2 Tahun Eri Cahyadi-Armuji Pimpin Surabaya: Indeks Reformasi Birokrasi Naik, Kemiskinan Turun

SURABAYA| SAMUDRA FAKTA – Terhitung pada Minggu, 26 Februari 2023, Eri Cahyadi-Armuji, telah dua tahun memimpin Kota Surabaya. Keduanya resmi dilantik sebagai Wali Kota dan Wakil Wali Kota Surabaya pada Rabu, 26 Februari 2021. Meski baru 24 bulan memimpin Surabaya, namun beberapa pihak menilai bahwa keduanya sudah banyak mencatatkan prestasi, baik di tingkat provinsi maupun nasional.

Satu di antara prestasi yang ditorehkan Wali Kota Eri Cahyadi dan Wakil Wali Kota Armuji adalah terkait dengan penilaian Indeks Reformasi Birokrasi, di mana pada tahun 2022 Pemerintah Kota (Pemkot) Surabaya sukses meningkatkan kategori Indeks Reformasi Birokrasi dari BB (Baik) menjadi A (Sangat Baik).

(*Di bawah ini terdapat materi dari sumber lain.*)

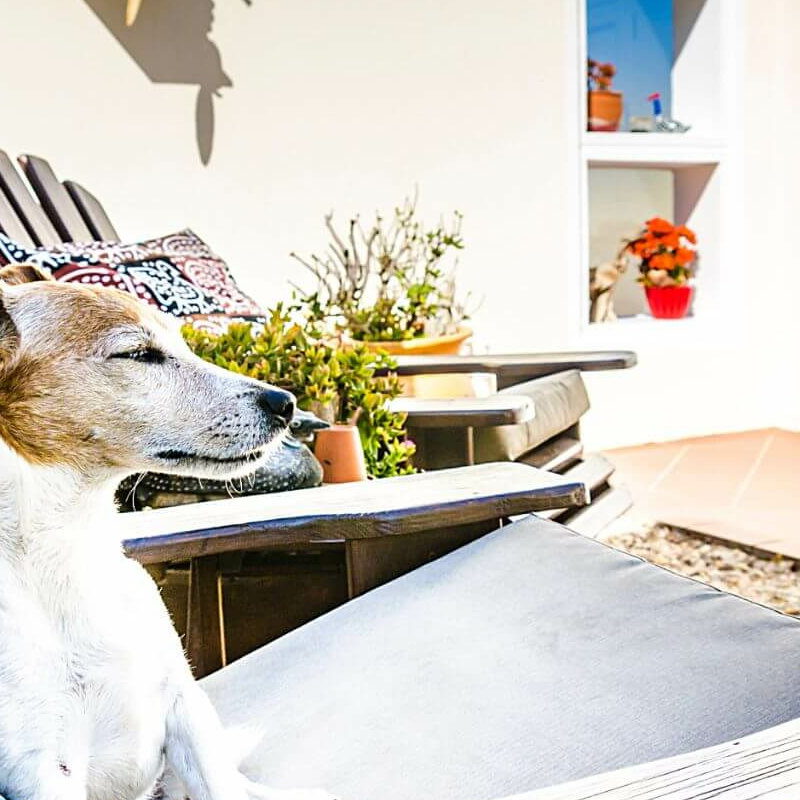 Meike‘s Guesthouse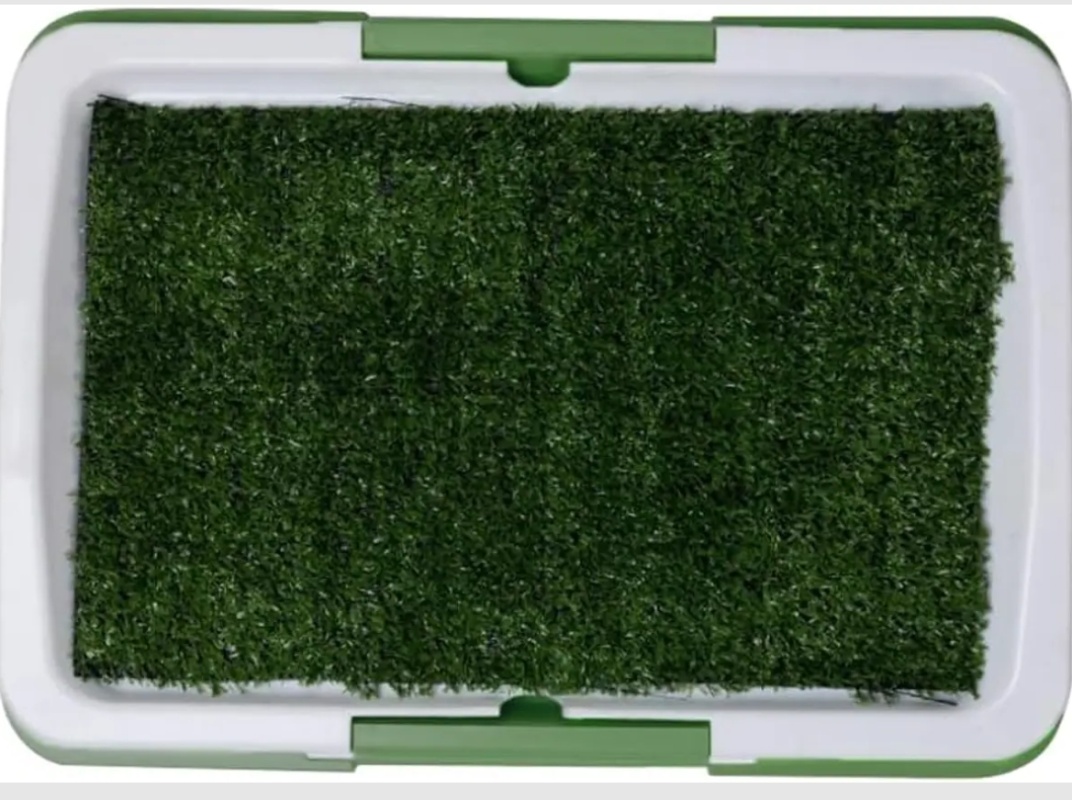 TAPETE SANITARIO ENTRENADOR PARA MASCOTAS - ORINAL - PERRO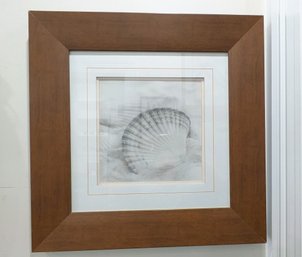 Wood Framed Clam Shell Print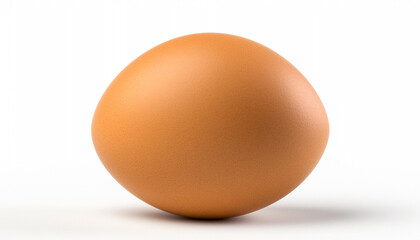 egg isolated on white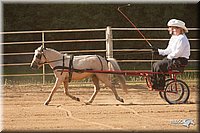 4H-Dist-09_0648.jpg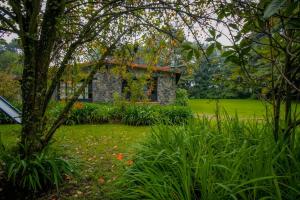 庫埃納瓦卡的住宿－¡Nueva! Bamboo Tesoro del Bosque，院子里有树的石头房子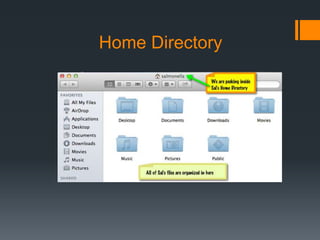 Home Directory
 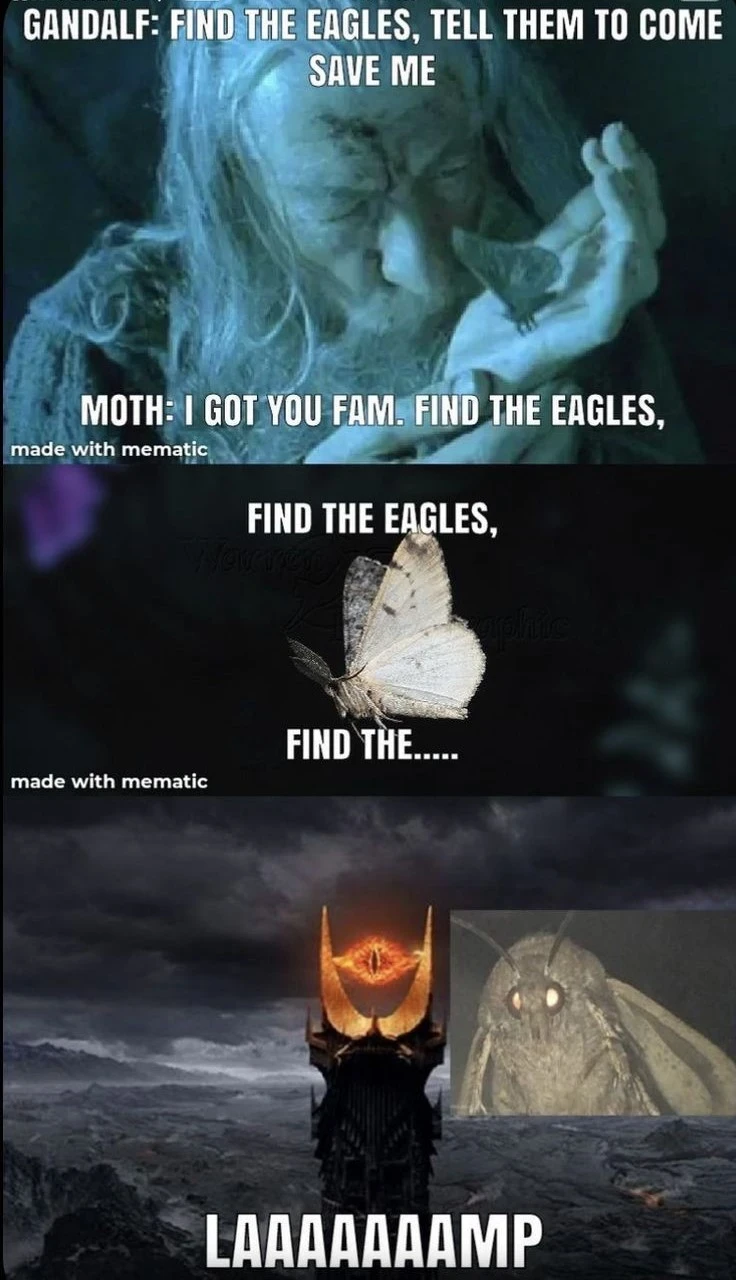 Who do you serve? "Låmp"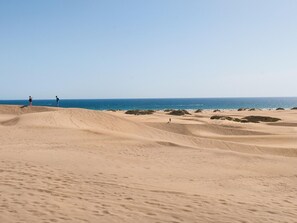 Vista desde la propiedad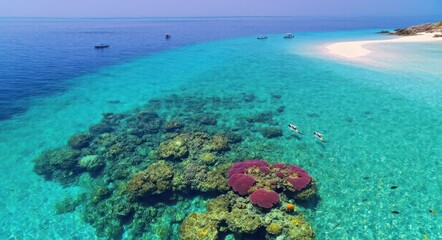 Naklejka premium Aerial View of Stunning Coral Reefs .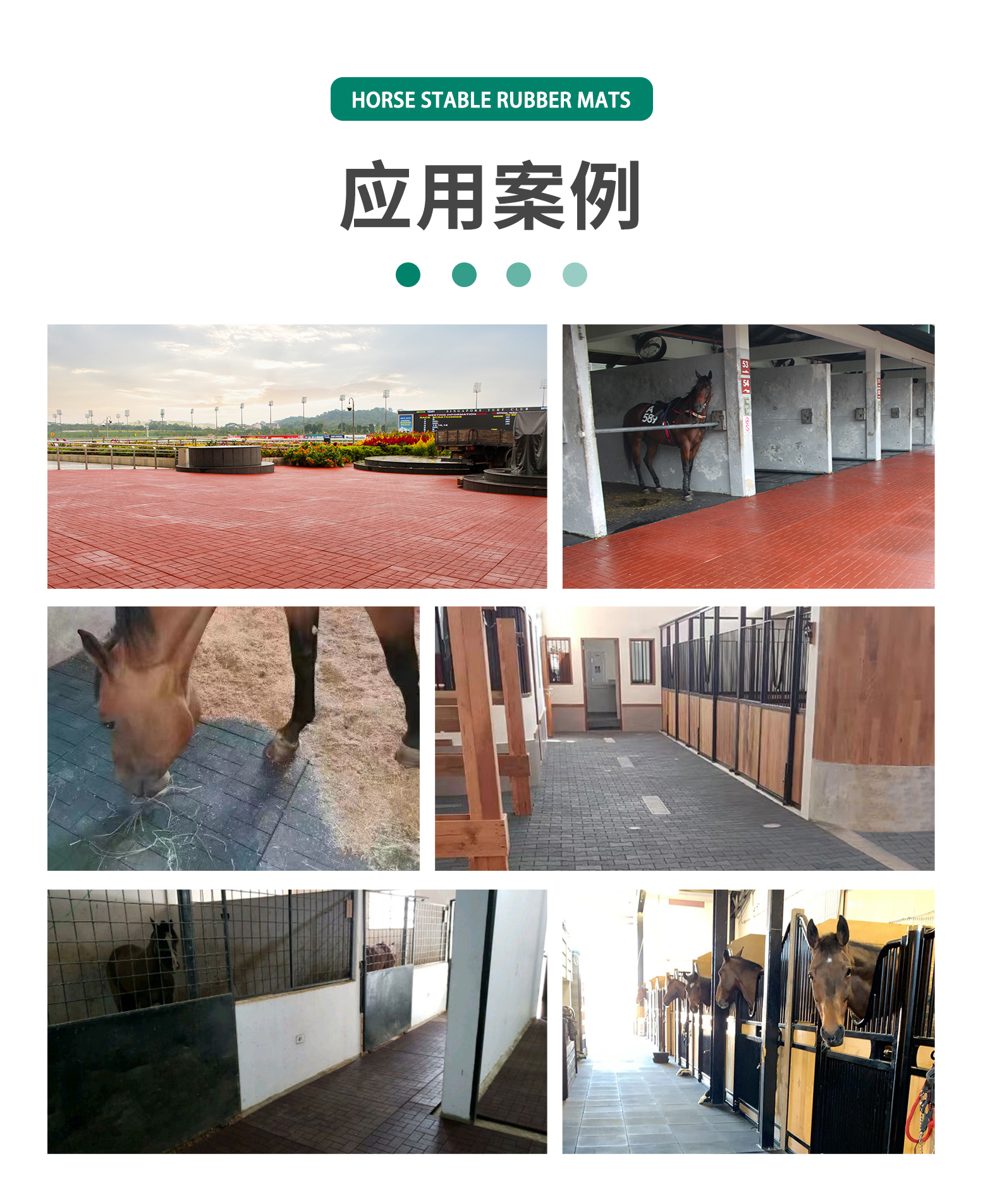 马场垫-应用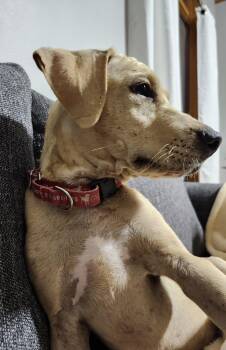 Chandler Bing -  Labrador Retriever Dog for Adoption in Indianapolis, Indiana - Chandler Bing | PetCurious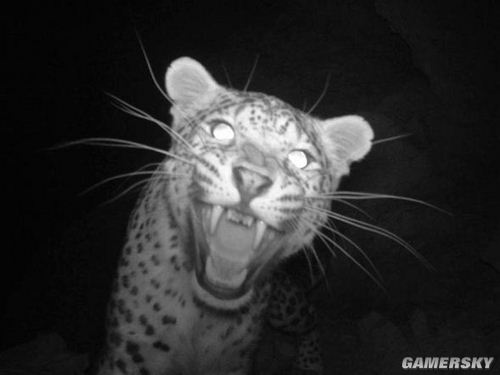 相机陷阱拍照:阿富汗惊现灭绝动物波斯豹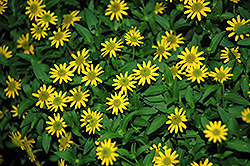 Sunvy Yellow Steel Creeping Zinnia (Sanvitalia procumbens 'Sunvy Yellow Steel') at Lakeshore Garden Centres
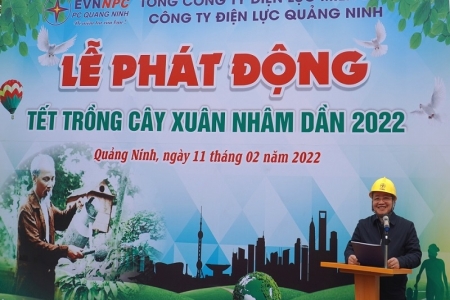 PC Quảng Ninh hưởng ứng Tết trồng cây Xuân Nhâm Dần năm 2022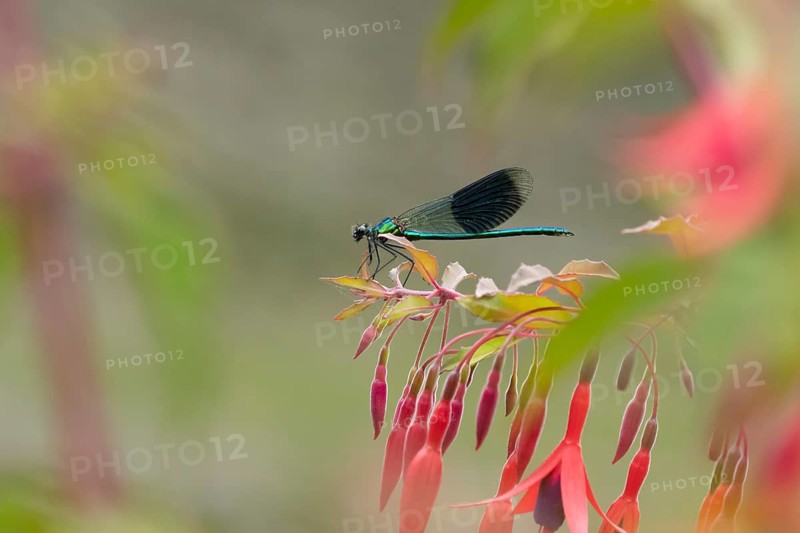 Banded demoiselle damselfly (Calopteryx splendens) adult male insect resting on a garden red fuchsia flower in summer, England, United Kingdom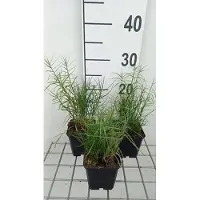 GRDplanten 6 x Carex musk. 'Little Midge' - Muskingum-Segge Little Midge - Topf 9 x 9 cm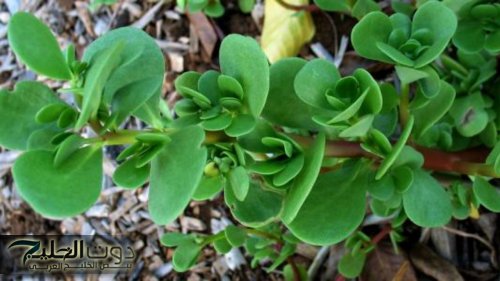 "عشبة نازلة من الجنه"...اليك اقوي عشبه ربانيه أذهلت العالم برائحتها وموجود بالقرب منك دون أن تعلم ويعيد اليك شبابك حتي لو كان عمرك فوق ال 70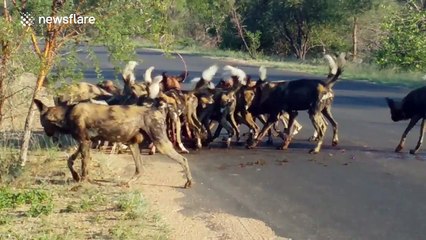 This pack of wild dogs killing a kudu is nature at its most savage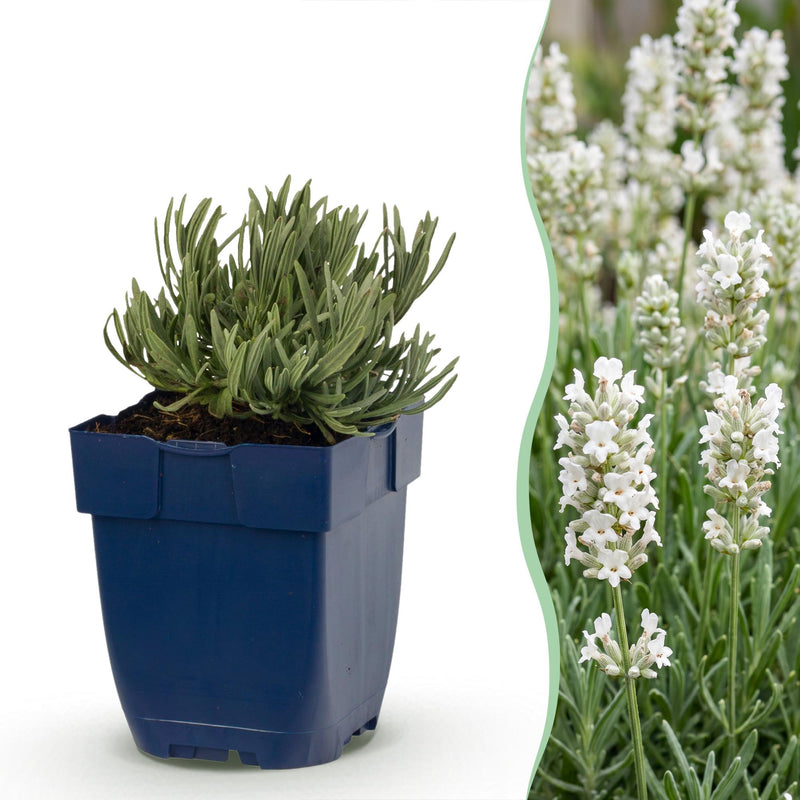 Green boutiQ - Vasteplant - Lavandula ang. Hidcote - Lavendel - Geurend - Paars - 24 Planten - Pot 11cm - Hoogte 15-25cm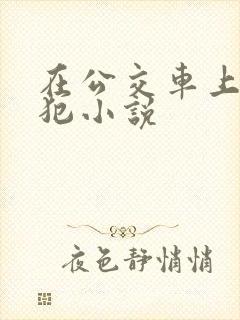 在公交车上被侵犯小说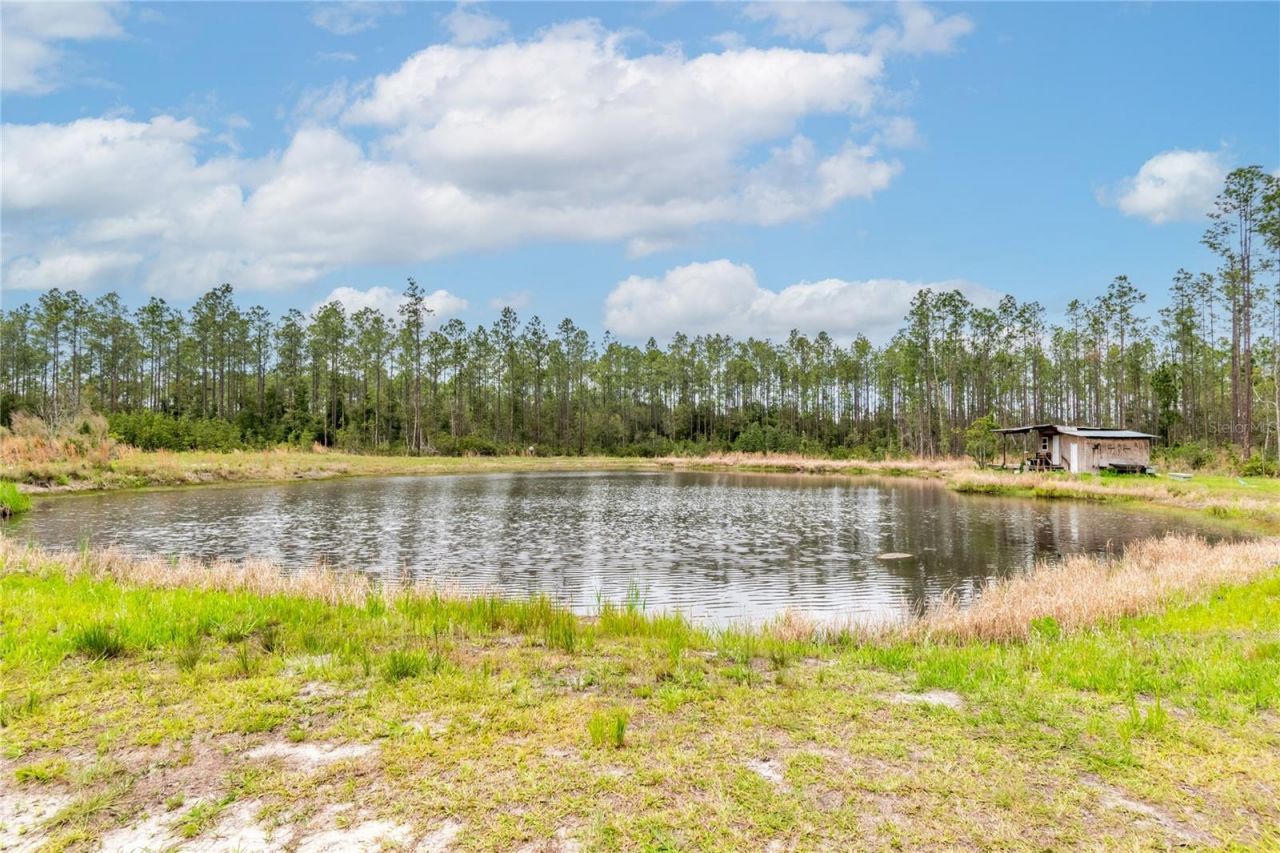 12655 NE 215th Street, Fort Mc Coy, FL 32134 Photo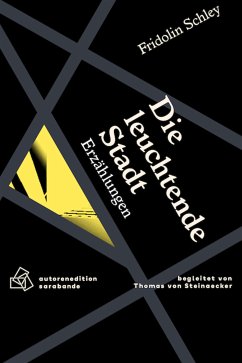 Die leuchtende Stadt (eBook, ePUB) - Schley, Fridolin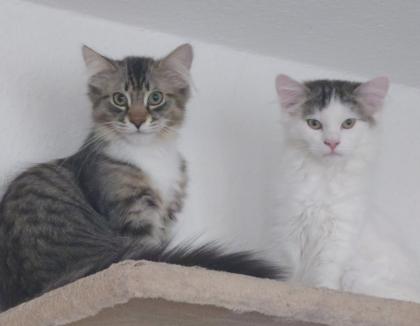 Ragdoll - Perser - Maine Coon Kater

Eri mengungkapkan, reformasi birokrasi ini adalah bagaimana memutus matarantai birokrasi sehingga pelayanan publik menjadi lebih cepat. Untuk mencapai hal tersebut,, ia meminta jajarannya agar berani mengambil keputusan dan menjadi orang yang solutif.

Bacaan Lainnya

“Saya meminta seluruh jajaran Pemkot Surabaya untuk berani mengambil sebuah keputusan, berani, tatap muka dengan orang untuk memberikan solusi,” kata Eri Cahyadi, Kamis, 2 Maret 2023.

Eri Cahyadi juga menyampaikan, untuk mencapai reformasi birokrasi, hal yang utama yang harus dikerjakan adalah perbaikan dari sisi internal. Misalnya, dari hal kecil, walikota yang akrab disapa Cak Eri ini melarang keras jajarannya menggunakan sandal dan bermain ponsel ketika melayani masyarakat.

“Misal, melayani masyarakat pakai sandal jepit. Itu menunjukkan bahwa dia (aparat pemerintahan) tidak bisa menghargai dirinya, bagaimana dia bisa menghargai orang lain,” tuturnya.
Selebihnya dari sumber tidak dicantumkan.